> **Task directions**: When you reach the line that holds "Peugeot 2008 electric", start copying exactly and keep going through the final line of the data, leaving out pictures.

> **Supplied information**:
-=-=-=-=-

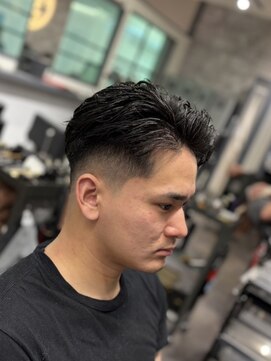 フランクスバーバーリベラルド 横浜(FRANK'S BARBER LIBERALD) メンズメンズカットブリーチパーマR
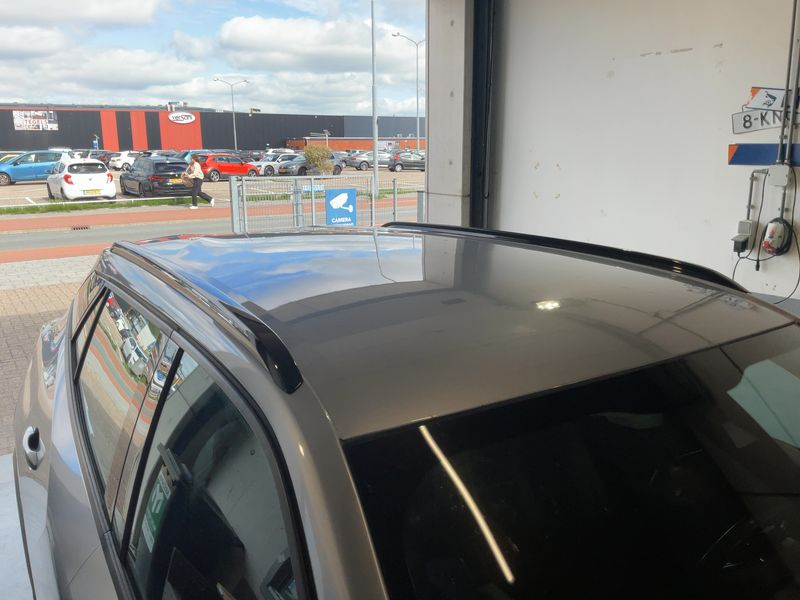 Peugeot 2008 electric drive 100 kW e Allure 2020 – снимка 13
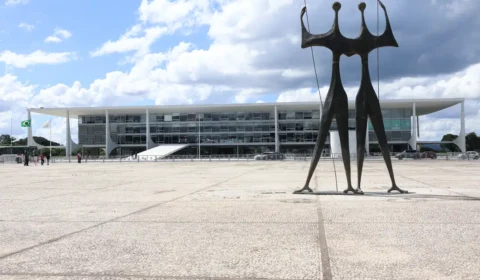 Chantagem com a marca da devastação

-=-=-=-=-

> **Written answer**:
 Peugeot 2008 electric drive 100 kW e Allure 2020 – снимка 13
 Chantagem com a marca da devastação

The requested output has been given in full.